ABOUT THIS TASK:
Return the full listing unchanged, excluding any images it contains.

DATA PROVIDED:
= Beginning of Section =

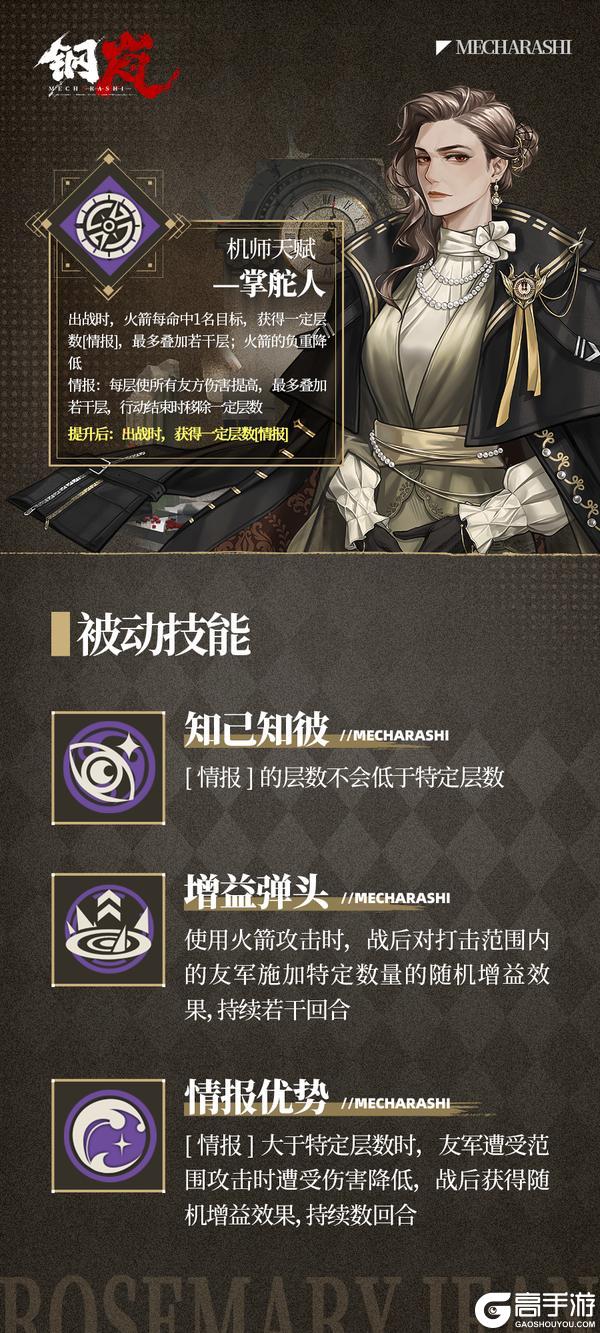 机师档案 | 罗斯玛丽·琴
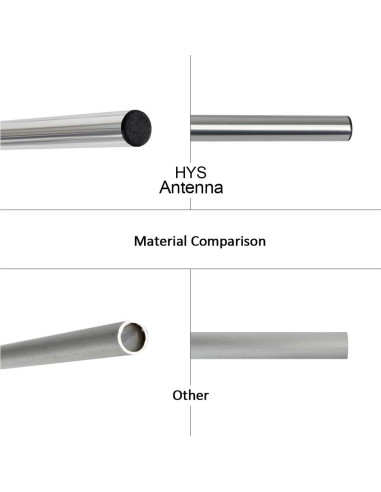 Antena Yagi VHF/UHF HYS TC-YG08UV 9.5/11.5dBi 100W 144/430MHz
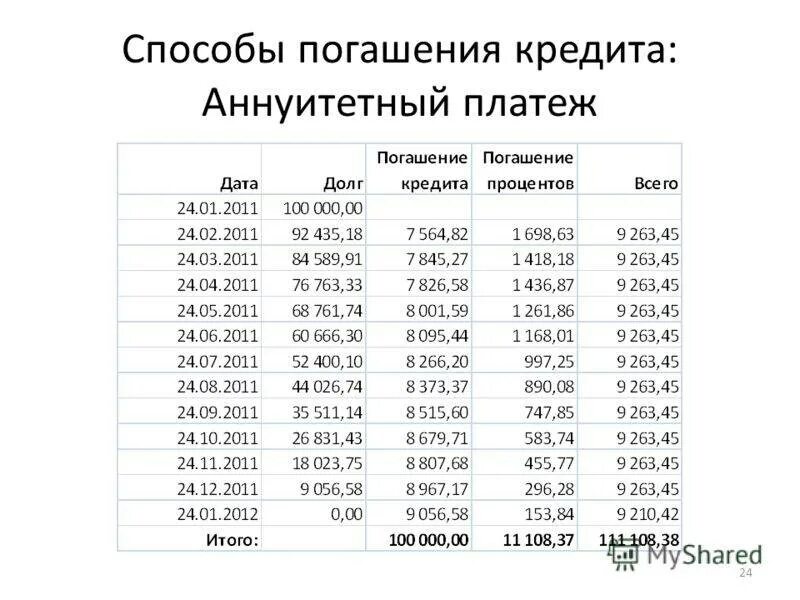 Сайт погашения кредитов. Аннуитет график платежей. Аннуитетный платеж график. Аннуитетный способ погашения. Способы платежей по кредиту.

= End of Section =

RESPONSE FOR THIS EXERCISE:
 机师档案 | 罗斯玛丽·琴
 Antena Yagi VHF/UHF HYS TC-YG08UV 9.5/11.5dBi 100W 144/430MHz
 Сайт погашения кредитов. Аннуитет график платежей. Аннуитетный платеж график. Аннуитетный способ погашения. Способы платежей по кредиту.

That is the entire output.